Input for this task Block Start

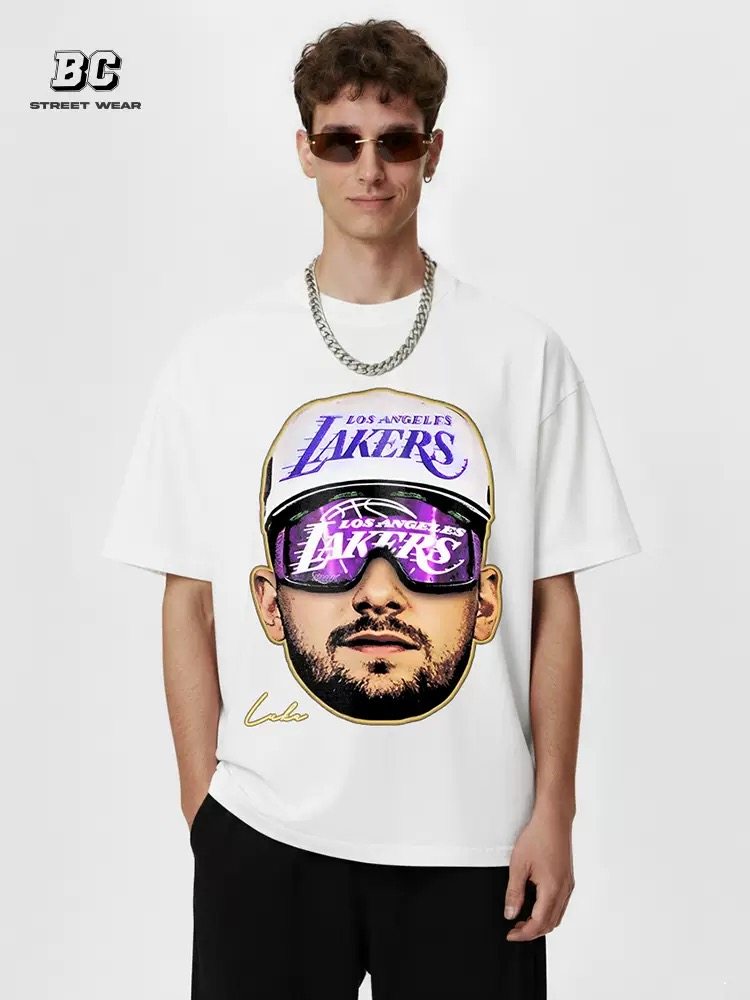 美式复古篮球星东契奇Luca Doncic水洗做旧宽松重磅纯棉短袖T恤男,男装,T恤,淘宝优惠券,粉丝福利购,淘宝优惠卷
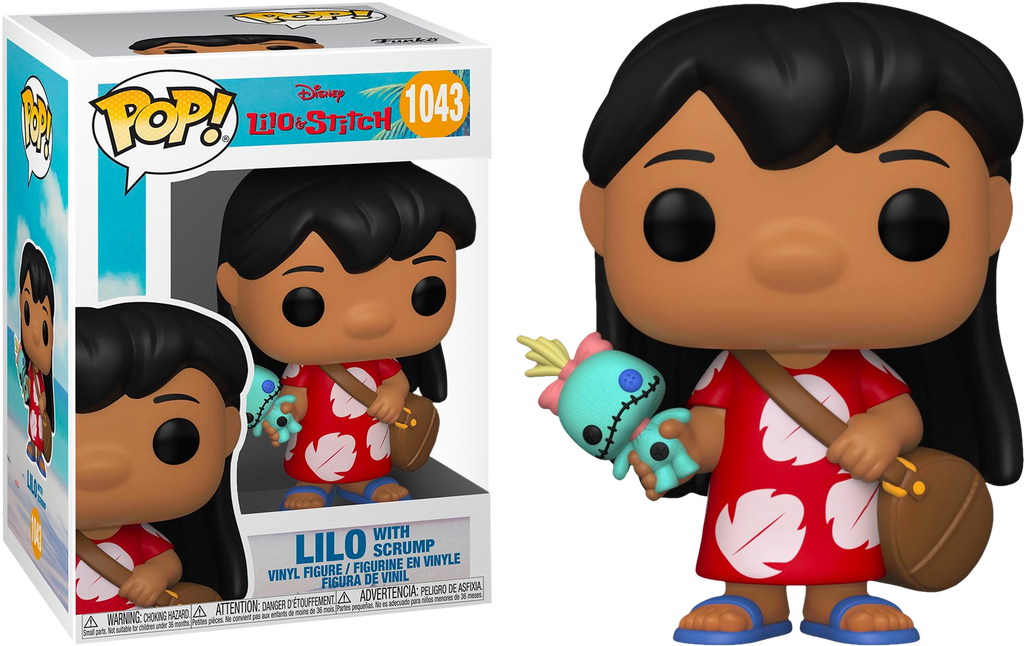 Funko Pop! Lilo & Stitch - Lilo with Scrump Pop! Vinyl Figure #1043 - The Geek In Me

Input for this task Block End
Input for this task Block Start

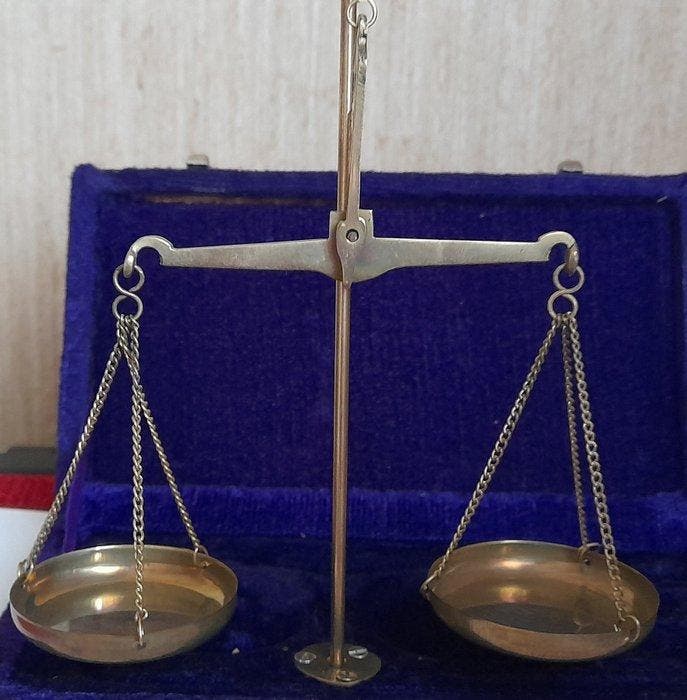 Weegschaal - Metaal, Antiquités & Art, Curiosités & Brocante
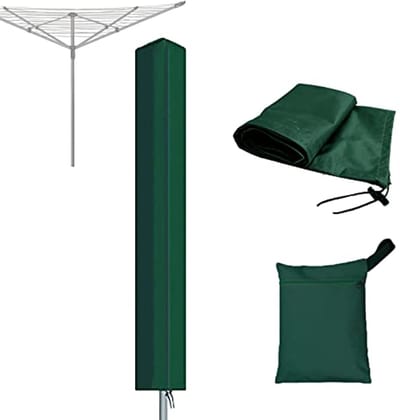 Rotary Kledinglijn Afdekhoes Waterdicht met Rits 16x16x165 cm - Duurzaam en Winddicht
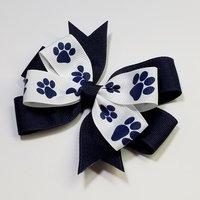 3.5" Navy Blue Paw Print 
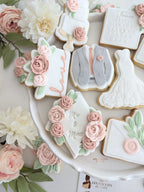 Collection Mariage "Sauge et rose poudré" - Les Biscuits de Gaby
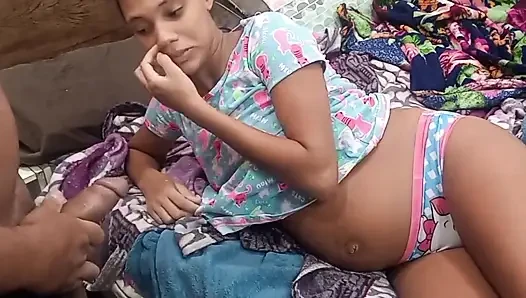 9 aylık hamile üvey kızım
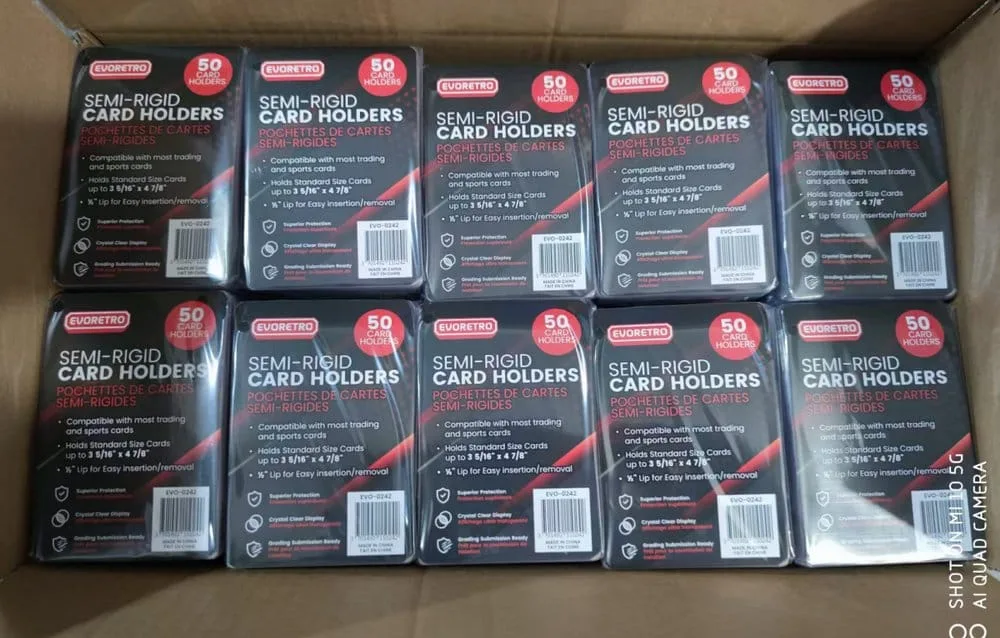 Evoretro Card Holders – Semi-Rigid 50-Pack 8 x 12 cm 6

Input for this task Block End
Input for this task Block Start

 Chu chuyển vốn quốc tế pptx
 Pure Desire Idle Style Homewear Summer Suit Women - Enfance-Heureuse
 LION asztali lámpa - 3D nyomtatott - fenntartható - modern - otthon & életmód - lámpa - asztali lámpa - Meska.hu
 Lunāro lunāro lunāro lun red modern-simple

Input for this task Block End

Requirement — Look above for the line with "Rotary Kledinglijn Afdekhoes", then give again exactly every line from there through the line with "Evoretro Card Holders", skipping the pictures.

Written reply —
 Rotary Kledinglijn Afdekhoes Waterdicht met Rits 16x16x165 cm - Duurzaam en Winddicht
 3.5" Navy Blue Paw Print 
 Collection Mariage "Sauge et rose poudré" - Les Biscuits de Gaby
 9 aylık hamile üvey kızım
 Evoretro Card Holders – Semi-Rigid 50-Pack 8 x 12 cm 6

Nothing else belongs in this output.